## Your goal
The lines below, from the one holding "Grass Green and White Furry Fursuit Nub Tail" through the one holding "The Rolex GMT-Master", are to be restated word for word, with all images left out.

## Source data
= Beginning of Section =
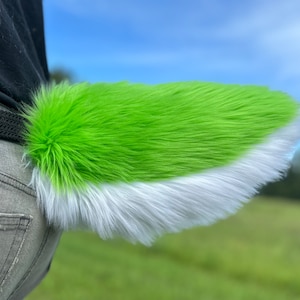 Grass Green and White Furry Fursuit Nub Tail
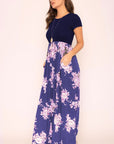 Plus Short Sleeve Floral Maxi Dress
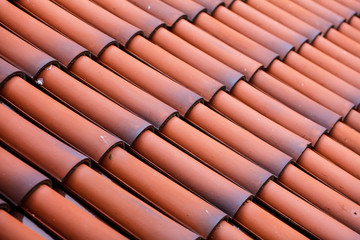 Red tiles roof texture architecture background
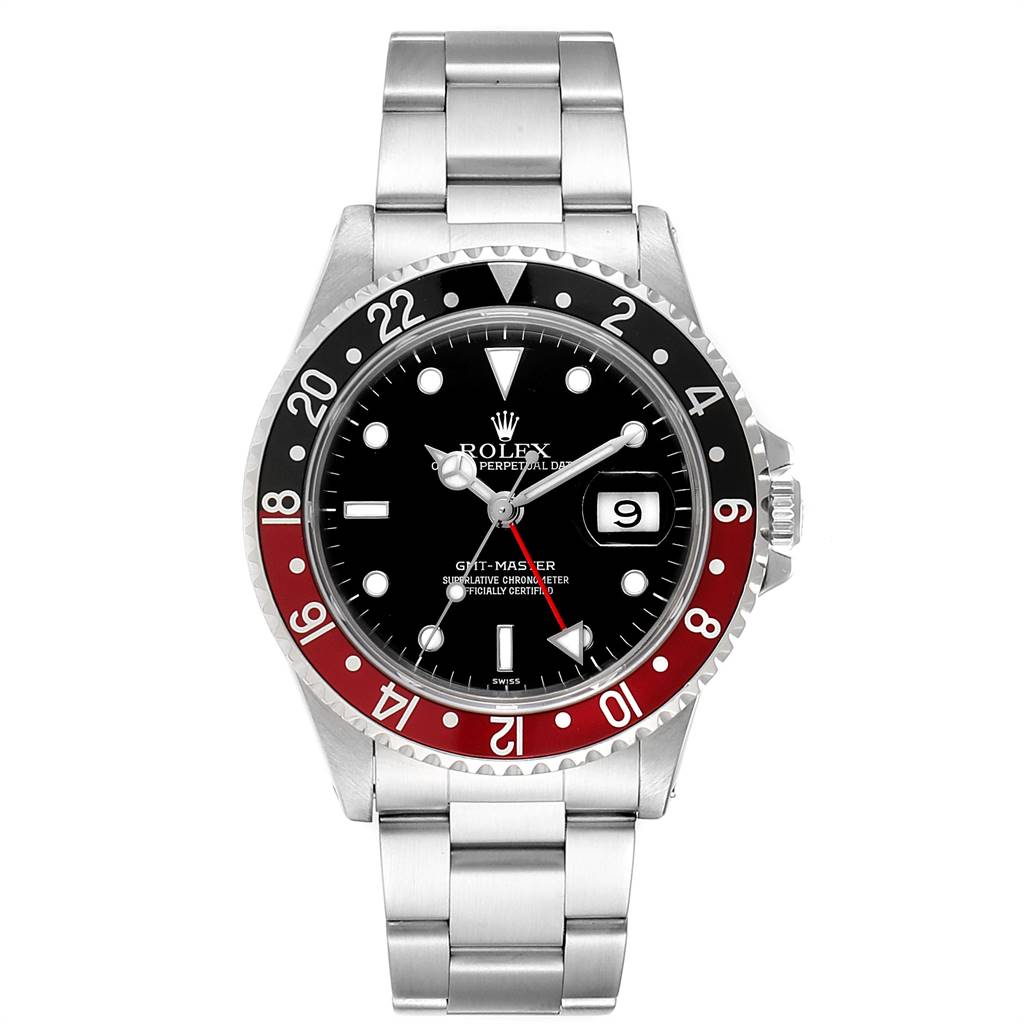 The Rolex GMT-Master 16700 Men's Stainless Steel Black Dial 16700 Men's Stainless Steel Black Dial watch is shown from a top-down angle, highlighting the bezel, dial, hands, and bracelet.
= End of Section =
= Beginning of Section =
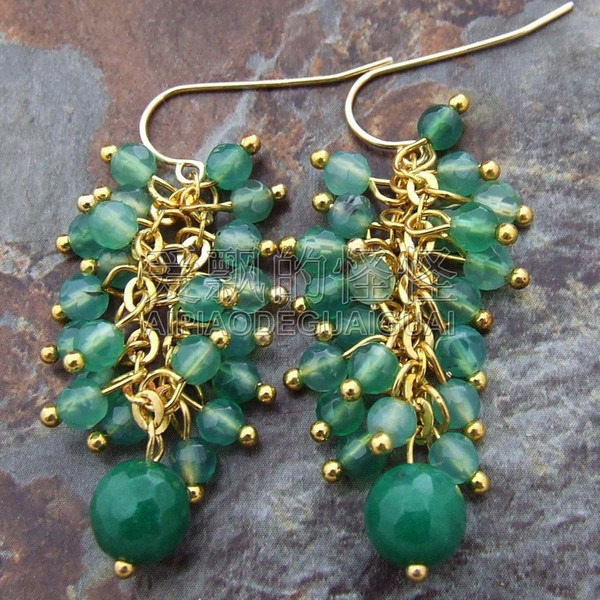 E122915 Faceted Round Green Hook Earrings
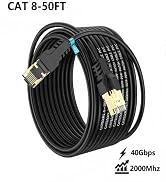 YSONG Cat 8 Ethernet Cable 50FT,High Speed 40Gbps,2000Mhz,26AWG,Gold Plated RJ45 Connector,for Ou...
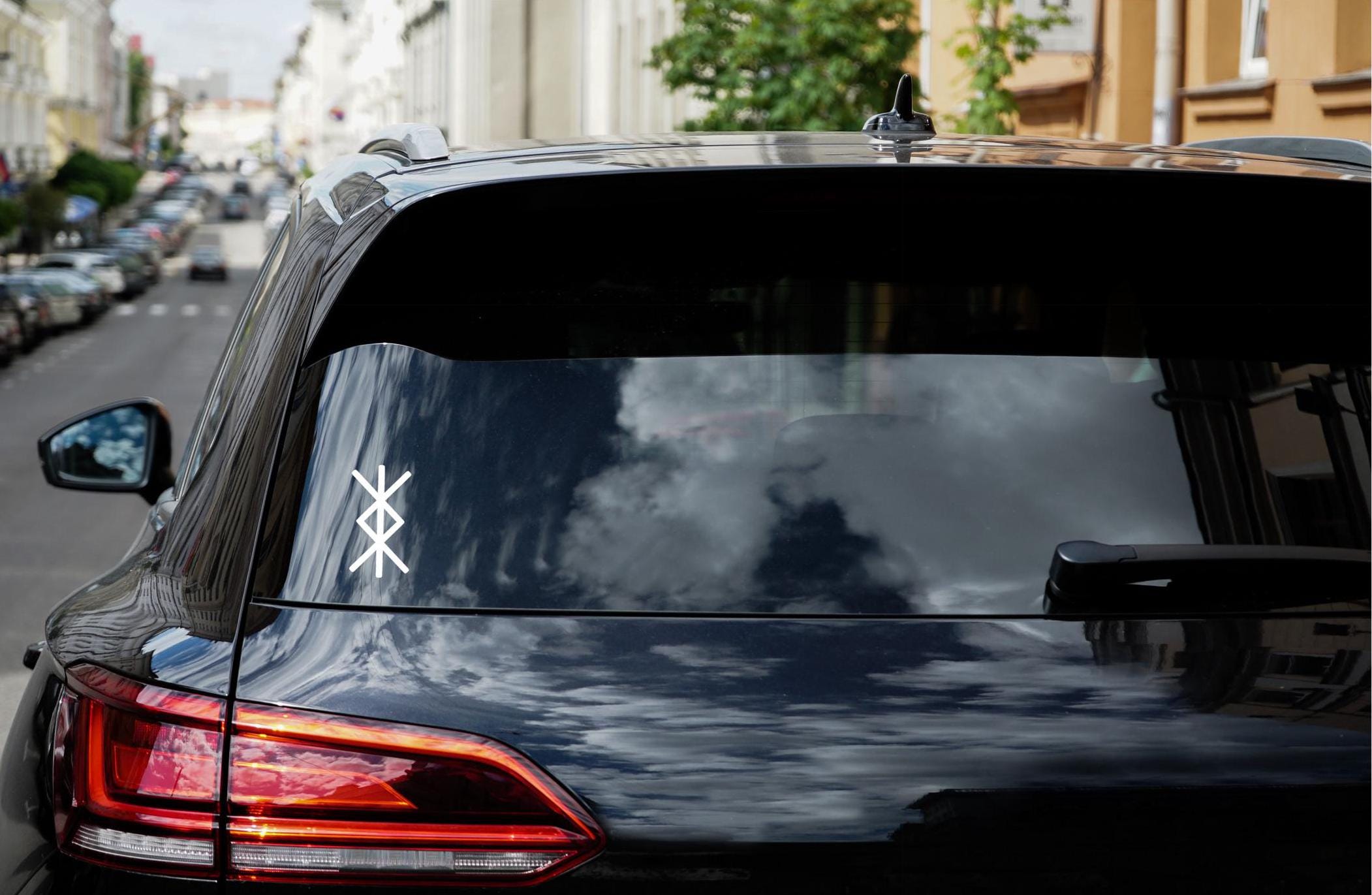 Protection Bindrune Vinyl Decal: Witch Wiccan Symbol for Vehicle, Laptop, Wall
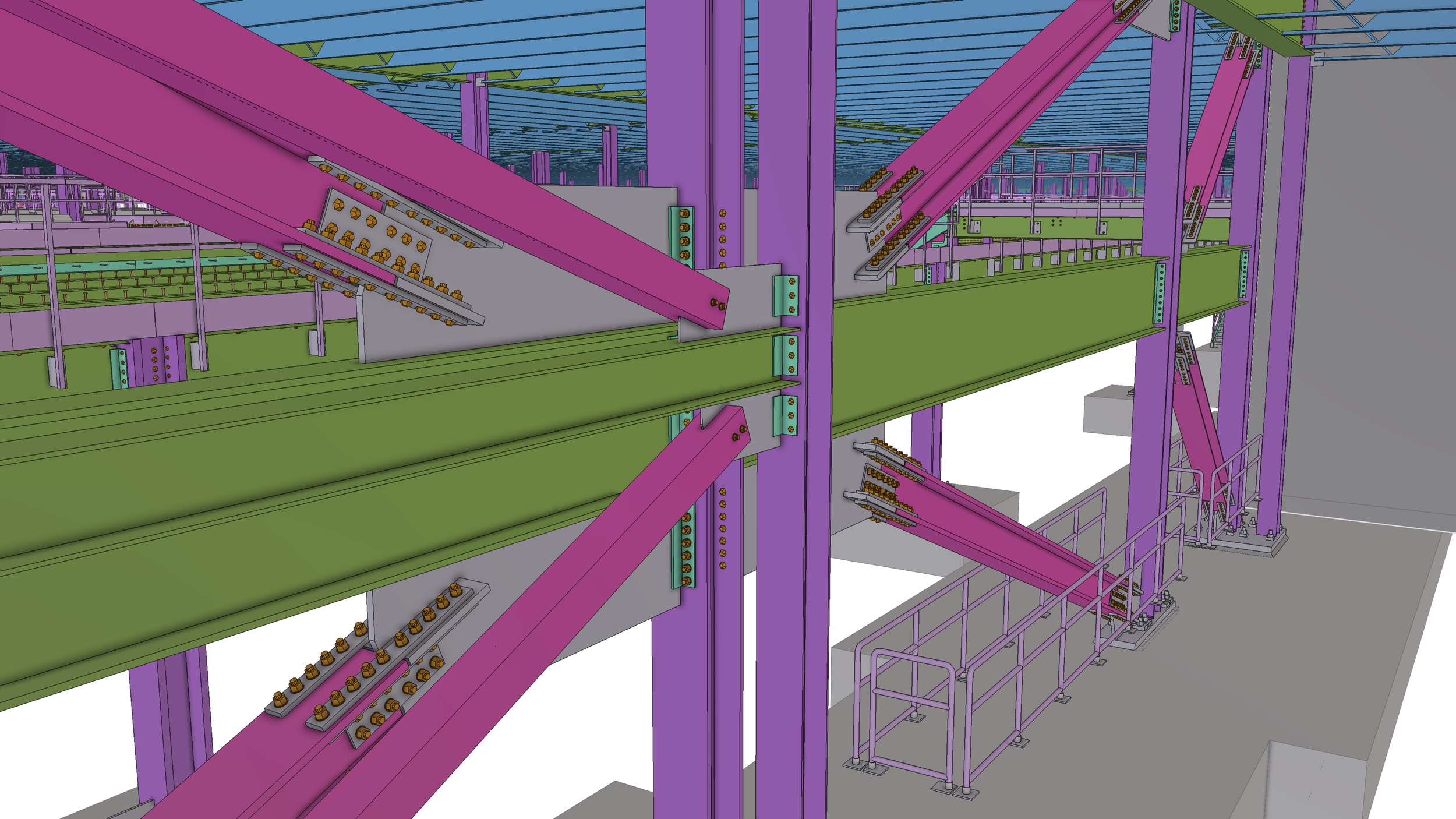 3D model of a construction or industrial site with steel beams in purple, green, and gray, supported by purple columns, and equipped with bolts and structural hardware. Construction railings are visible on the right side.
= End of Section =
= Beginning of Section =
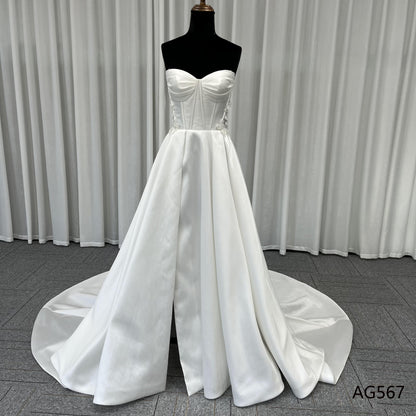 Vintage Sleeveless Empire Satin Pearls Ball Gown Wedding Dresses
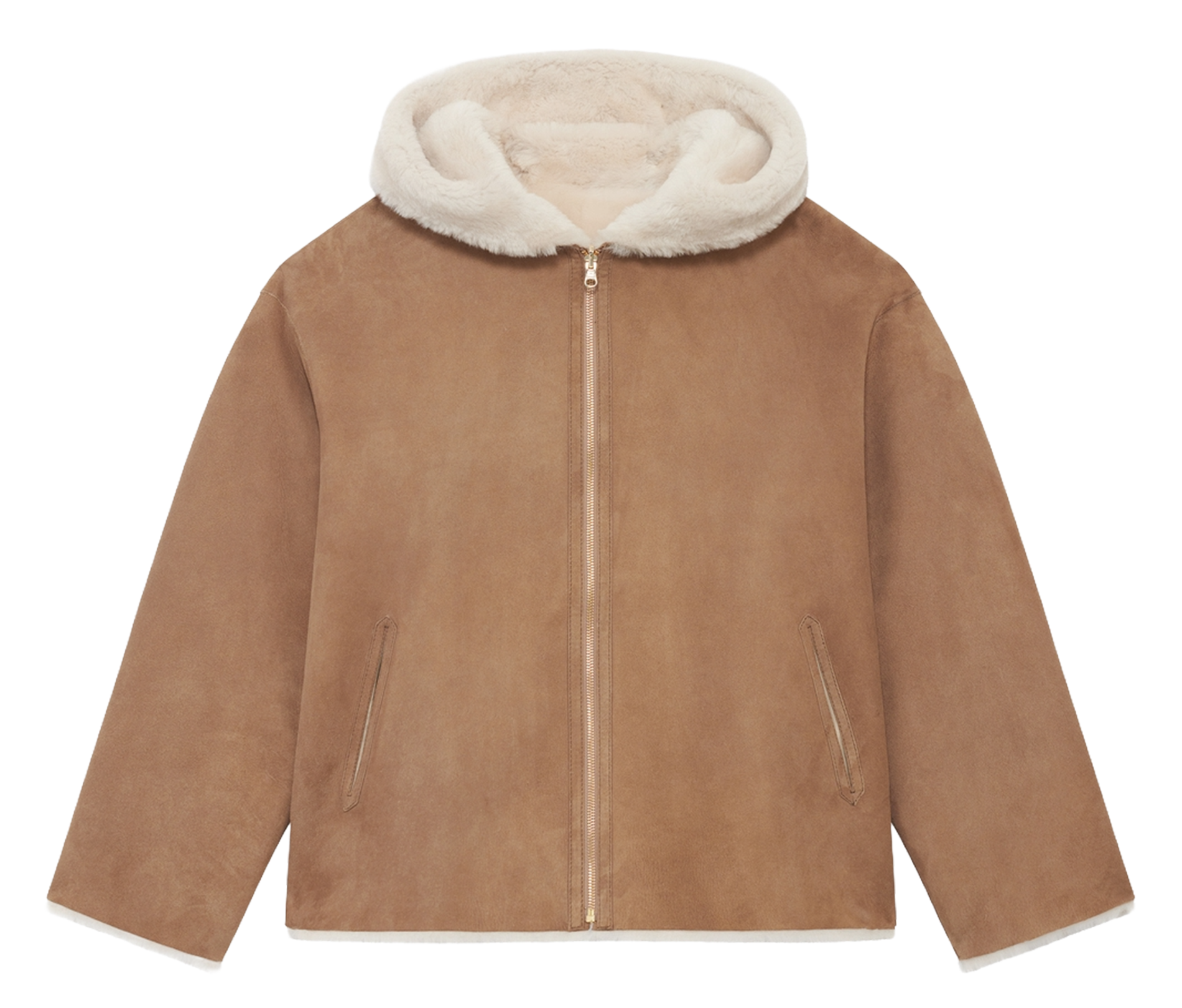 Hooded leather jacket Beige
= End of Section =
## Answer to this task
 Grass Green and White Furry Fursuit Nub Tail
 Plus Short Sleeve Floral Maxi Dress
 Red tiles roof texture architecture background
 The Rolex GMT-Master 16700 Men's Stainless Steel Black Dial 16700 Men's Stainless Steel Black Dial watch is shown from a top-down angle, highlighting the bezel, dial, hands, and bracelet.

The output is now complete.